High performance growth, land sales waiting for development
On April 29, the company released its quarterly report, during which the company achieved revenue of 6.89 billion yuan, year-on-year + 26.2%, net profit of 270 million yuan, + 42.0% year-on-year, and diluted EPS0.06 yuan. The company has been aggressive in the past 21 years, the sales target has crossed the threshold of hundreds of billions of dollars, and commercial real estate will also be concentrated in the market. We expect EPS to be 0.36,0.43 and 0.49 yuan in 2021-2023, maintaining the "overweight" rating.
The settlement is accelerated, the rights and interests are improved, and the performance is highly increased.

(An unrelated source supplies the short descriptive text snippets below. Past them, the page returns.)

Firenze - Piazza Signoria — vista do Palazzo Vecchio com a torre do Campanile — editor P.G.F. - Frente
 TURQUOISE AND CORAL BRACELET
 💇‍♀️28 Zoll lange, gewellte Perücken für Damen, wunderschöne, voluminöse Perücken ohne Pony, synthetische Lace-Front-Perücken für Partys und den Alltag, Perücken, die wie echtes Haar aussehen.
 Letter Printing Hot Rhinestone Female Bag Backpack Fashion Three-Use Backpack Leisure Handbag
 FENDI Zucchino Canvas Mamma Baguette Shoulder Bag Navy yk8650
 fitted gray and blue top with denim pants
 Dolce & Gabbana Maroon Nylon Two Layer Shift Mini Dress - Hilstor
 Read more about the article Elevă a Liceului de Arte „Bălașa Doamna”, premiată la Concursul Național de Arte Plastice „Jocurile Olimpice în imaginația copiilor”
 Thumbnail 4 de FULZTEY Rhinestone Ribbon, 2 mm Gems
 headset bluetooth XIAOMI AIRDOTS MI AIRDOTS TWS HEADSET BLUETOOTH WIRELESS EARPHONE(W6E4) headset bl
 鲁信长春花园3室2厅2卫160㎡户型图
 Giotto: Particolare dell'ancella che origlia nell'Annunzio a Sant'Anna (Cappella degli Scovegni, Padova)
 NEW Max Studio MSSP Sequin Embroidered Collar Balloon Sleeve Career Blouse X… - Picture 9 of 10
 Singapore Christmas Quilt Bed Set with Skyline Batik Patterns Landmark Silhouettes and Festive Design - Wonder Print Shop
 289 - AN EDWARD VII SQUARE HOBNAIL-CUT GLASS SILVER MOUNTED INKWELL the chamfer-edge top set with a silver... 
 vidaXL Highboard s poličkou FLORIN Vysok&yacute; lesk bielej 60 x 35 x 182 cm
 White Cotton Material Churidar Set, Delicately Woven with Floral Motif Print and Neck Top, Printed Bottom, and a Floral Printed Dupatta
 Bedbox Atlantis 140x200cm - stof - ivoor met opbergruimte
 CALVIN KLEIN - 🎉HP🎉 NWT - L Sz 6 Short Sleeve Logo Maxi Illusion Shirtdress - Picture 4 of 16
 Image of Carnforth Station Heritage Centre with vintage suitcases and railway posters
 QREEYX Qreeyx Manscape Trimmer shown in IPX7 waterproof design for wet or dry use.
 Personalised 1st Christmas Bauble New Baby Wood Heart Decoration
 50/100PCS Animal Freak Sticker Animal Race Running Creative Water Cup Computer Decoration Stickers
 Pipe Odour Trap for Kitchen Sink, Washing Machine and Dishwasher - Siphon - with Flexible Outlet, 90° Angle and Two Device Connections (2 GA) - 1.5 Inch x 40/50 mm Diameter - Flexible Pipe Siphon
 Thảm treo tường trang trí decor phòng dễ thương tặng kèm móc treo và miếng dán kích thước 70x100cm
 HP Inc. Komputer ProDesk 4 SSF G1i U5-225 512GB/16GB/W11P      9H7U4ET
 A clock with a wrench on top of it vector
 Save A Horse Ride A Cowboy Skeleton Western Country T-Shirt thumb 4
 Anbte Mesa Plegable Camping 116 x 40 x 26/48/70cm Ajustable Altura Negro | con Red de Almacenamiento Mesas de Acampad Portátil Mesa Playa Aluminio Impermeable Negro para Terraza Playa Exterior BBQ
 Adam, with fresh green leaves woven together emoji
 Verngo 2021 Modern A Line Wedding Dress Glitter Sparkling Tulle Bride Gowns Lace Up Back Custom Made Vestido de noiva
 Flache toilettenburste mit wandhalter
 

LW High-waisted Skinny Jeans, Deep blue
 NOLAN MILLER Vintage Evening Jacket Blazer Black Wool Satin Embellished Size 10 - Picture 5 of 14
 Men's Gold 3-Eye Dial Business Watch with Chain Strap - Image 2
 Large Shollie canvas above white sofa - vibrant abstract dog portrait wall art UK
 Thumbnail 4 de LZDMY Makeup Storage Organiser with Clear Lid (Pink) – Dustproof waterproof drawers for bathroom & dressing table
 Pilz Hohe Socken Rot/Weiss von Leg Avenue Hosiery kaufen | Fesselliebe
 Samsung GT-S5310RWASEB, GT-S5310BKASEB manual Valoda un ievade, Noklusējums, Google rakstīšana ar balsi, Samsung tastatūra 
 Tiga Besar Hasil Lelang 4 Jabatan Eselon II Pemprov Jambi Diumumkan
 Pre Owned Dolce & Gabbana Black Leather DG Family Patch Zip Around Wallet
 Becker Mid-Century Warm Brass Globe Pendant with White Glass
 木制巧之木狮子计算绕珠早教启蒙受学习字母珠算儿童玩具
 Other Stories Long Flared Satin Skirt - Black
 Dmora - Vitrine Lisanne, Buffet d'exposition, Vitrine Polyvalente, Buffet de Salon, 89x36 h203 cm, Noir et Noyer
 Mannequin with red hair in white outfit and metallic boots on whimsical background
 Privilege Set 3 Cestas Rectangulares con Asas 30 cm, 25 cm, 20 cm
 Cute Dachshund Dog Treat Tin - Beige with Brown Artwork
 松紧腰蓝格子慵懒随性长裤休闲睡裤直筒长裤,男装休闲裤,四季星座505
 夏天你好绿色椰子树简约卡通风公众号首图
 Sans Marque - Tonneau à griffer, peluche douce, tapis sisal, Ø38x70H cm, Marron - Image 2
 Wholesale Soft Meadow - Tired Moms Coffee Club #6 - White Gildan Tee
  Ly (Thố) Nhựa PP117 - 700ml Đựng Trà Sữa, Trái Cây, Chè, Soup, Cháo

Development settlement volume increased during the period, commercial real estate sector, due to the impact of last year's epidemic led to a low base and two new projects entered the market in the second half of 20 years, development and commercial real estate sector income increased. Due to the downward profit margin of the settlement project and the fact that the property held at the same time was greatly affected by the epidemic in the same period last year, under the influence of two factors, the gross profit margin of the settlement project during the period was-13.4pct to 30.3%, which was higher than that of the whole of last year-1.2pct. Due to the improvement of the financial structure, the company's financial expense rate is-3.4 pct compared with the same period last year. In addition, due to the year-on-year increase in equity, the proportion of minority shareholders' equity is-13.9 pct compared with the same period last year. The company's operation is back on track, and we expect the full-year deduction of non-net profit to return to more than 19 years' level.
The sales target for the whole year is hundreds of billions, and the land acquisition may be carried out.
According to Carey data, the company's full-caliber sales area of 71.4 million square meters, sales of 13.16 billion, + 94% compared with the same period last year, ranking 59th in the industry. In terms of expansion, the company mainly distributes first-and second-tier cities, or due to the delayed pace of supply under the new policy of dual concentration of land, the company did not disclose new projects in the first quarter. By the end of 2020, the company's land reserve has a saleable value of about 246 billion yuan, with a planned sales volume of 100 billion in 21 years, a year-on-year growth rate of 44%, and the annual sales target completion rate of 13% during the period. We expect that the company will further speed up the de-chemical process and practice its internal skills to cross the threshold of hundreds of billions of dollars.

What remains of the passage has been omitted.